Clever legal wrangling aside, the idea of owning the media you consume is being weakened in the digital age. The shift to streaming music and movies and borrowed e-books takes advantage of subscription service models that grant access without ownership for a monthly fee. ReDigi, for example, allows people to sell only songs purchased on iTunes—and song downloads fell 12 percent in 2014. Streaming music, meanwhile, increased 54 percent as users abandoned iTunes for such services as Spotify, RDio, and Pandora. Netflix is ascendant in video, and services such as Scribd, Oyster, and Kindle Unlimited are trying to offer a Netflix-like experience for books. It’s not clear that the trend away from ownership and toward access through subscription is good for people who write books or sing songs for a living. But it would ease the specific fears concerning the threat of used digital media.

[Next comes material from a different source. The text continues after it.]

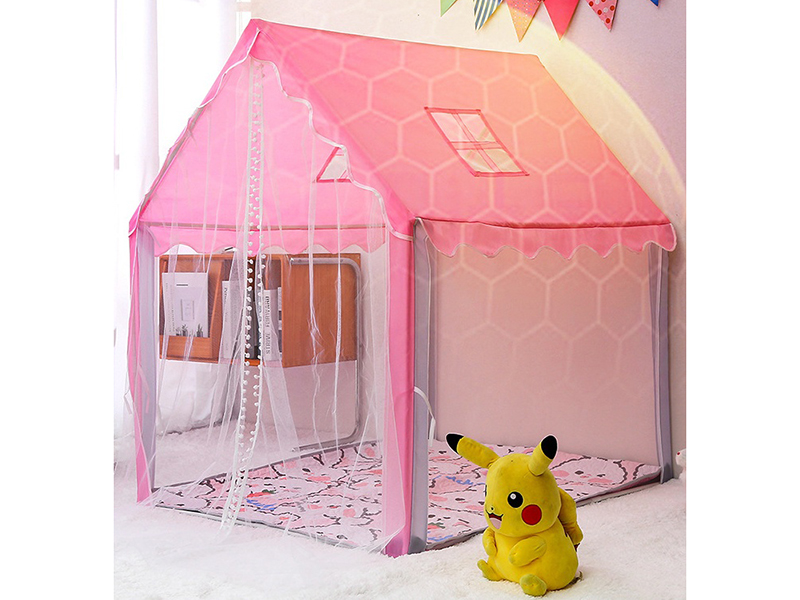 Castle Tent(Metal Rack)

Video games are moving to subscription slower than books, movies, or music. In the meantime, GameStop executives are trying to persuade publishers to cooperate in the development of some version of a used marketplace. Many people are skeptical that the company can make a convincing case to the game publishers. Ossenmacher, who hopes to take ReDigi into used games at some point, isn’t one of them. “Everybody knows that what GameStop created was genius,” he says. “It made gaming affordable to everybody, and I don’t think they want to see that go away.”